En complément d’un mécanisme de financement intelligent et efficace, d’autres adaptations des conditions-cadres sont nécessaires pour que la transformation du système énergétique s’opère rapidement. Il s’agit par exemple de créer des capacités de production axées sur la sécurité d’approvisionnement hivernale. De même, les dispositifs de stockage utiles au réseau, à l’instar des centrales de pompage-turbinage, doivent être affranchis des taxes d’utilisation du réseau. Les regroupements de consommation propre doivent être développés, afin que l’électricité puisse être utilisée autant que possible au plus près de son lieu de production. Gérées de manière intelligente, ces deux mesures permettent en outre de délester les réseaux.
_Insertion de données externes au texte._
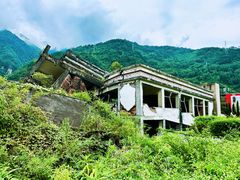 -四川汶川特大地震漩口中学遗址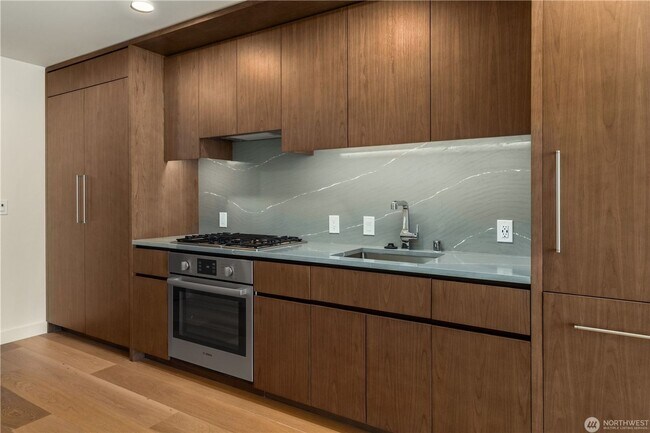Building Photo - Gorgeous Condo & Amazing Building Steps from Pike Place Market!- $2425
Le fait que la situation actuelle nous incite à accélérer le développement des énergies renouvelables a un effet vertueux. Pour diverses raisons, investir dans les énergies renouvelables s’apparente en effet à une démarche pertinente en termes de politique économique : nous créons de la valeur ajoutée en Suisse ; notre approvisionnement énergétique – en remplaçant le gaz et le pétrole – devient de moins en moins dépendant de l’étranger et donc moins sujet aux risques de fluctuation des prix ; en développant les énergies renouvelables, nous investissons dans des technologies durables et sûres – et ce, en remplacement de l’énergie nucléaire, qui est coûteuse, non renouvelable et de surcroît loin d’être sûre.